START Data for this task

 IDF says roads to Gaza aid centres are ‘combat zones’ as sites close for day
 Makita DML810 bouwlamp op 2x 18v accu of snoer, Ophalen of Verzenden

END Data for this task
START Data for this task

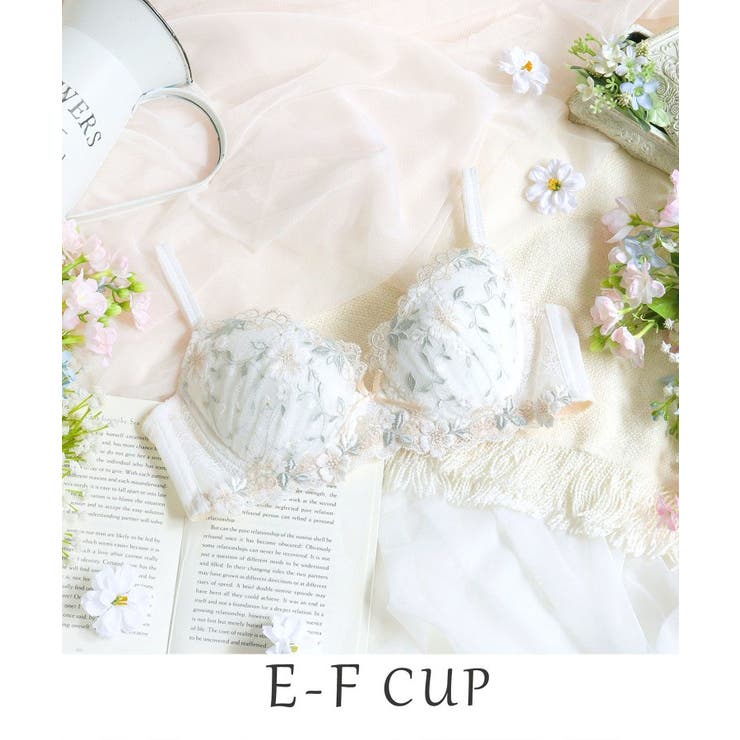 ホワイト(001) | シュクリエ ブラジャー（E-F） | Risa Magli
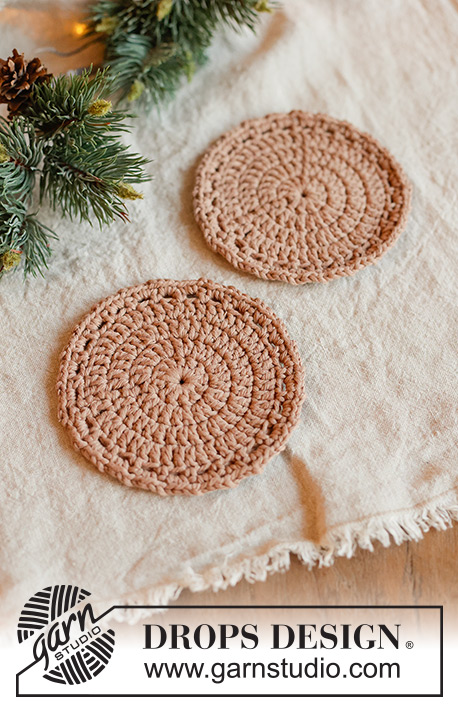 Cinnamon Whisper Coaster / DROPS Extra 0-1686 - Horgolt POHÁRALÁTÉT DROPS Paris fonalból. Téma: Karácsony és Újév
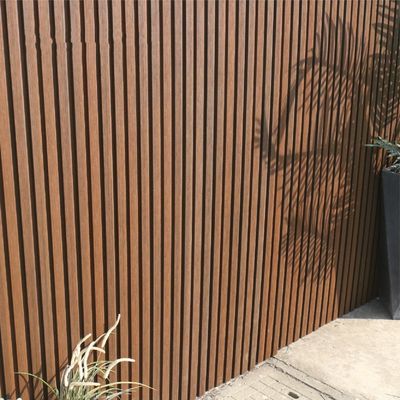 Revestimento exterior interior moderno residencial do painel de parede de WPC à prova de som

END Data for this task
START Data for this task

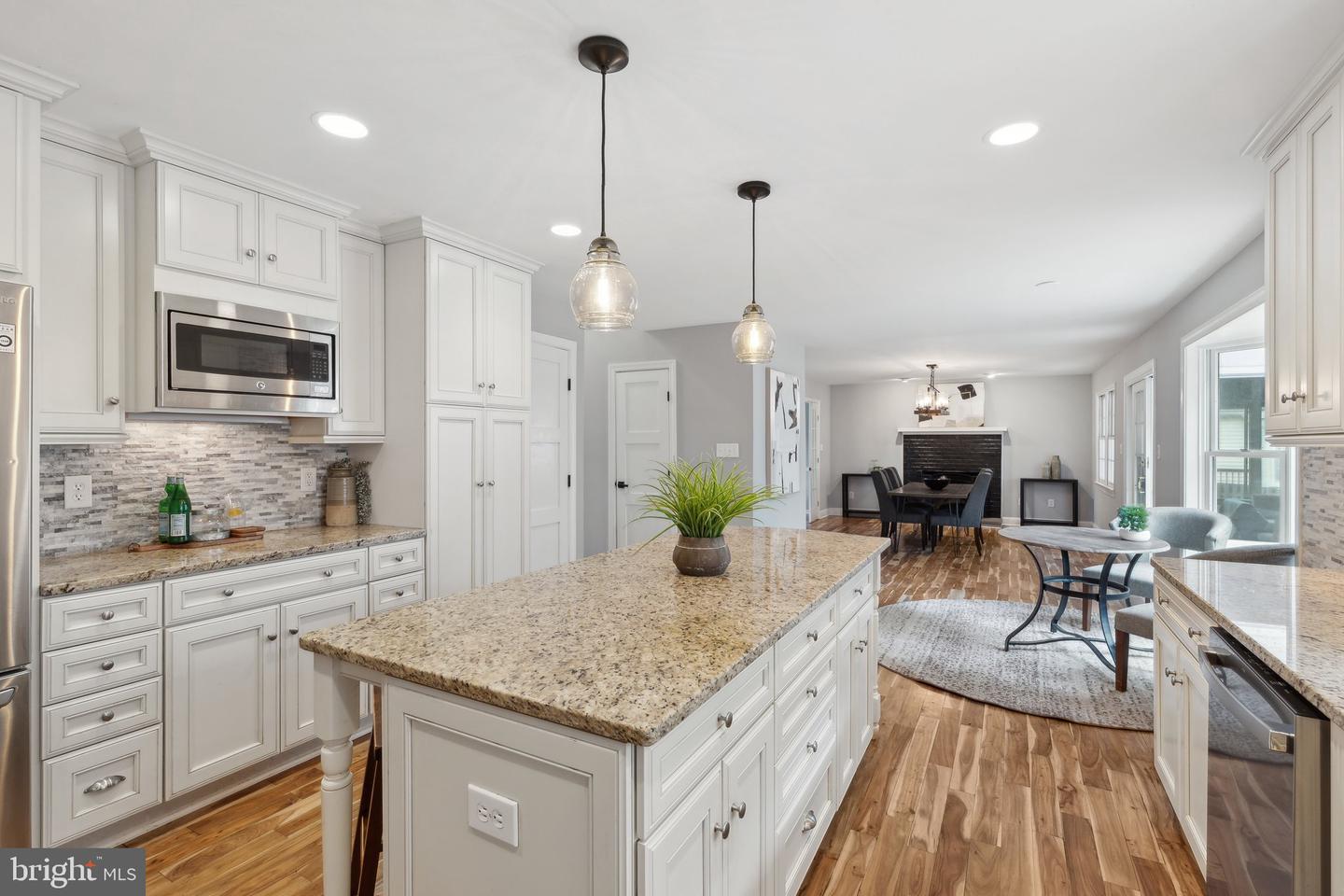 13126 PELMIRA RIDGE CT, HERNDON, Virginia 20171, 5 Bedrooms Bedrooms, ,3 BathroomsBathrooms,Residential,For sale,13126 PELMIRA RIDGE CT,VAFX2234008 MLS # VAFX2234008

END Data for this task

#### [What is needed]
Please give an exact copy of the lines above, beginning with the line containing "IDF says roads" and running through the line containing "Makita DML810 bouwlamp", and of no other lines.

#### [Solution for this task]
 IDF says roads to Gaza aid centres are ‘combat zones’ as sites close for day
 Makita DML810 bouwlamp op 2x 18v accu of snoer, Ophalen of Verzenden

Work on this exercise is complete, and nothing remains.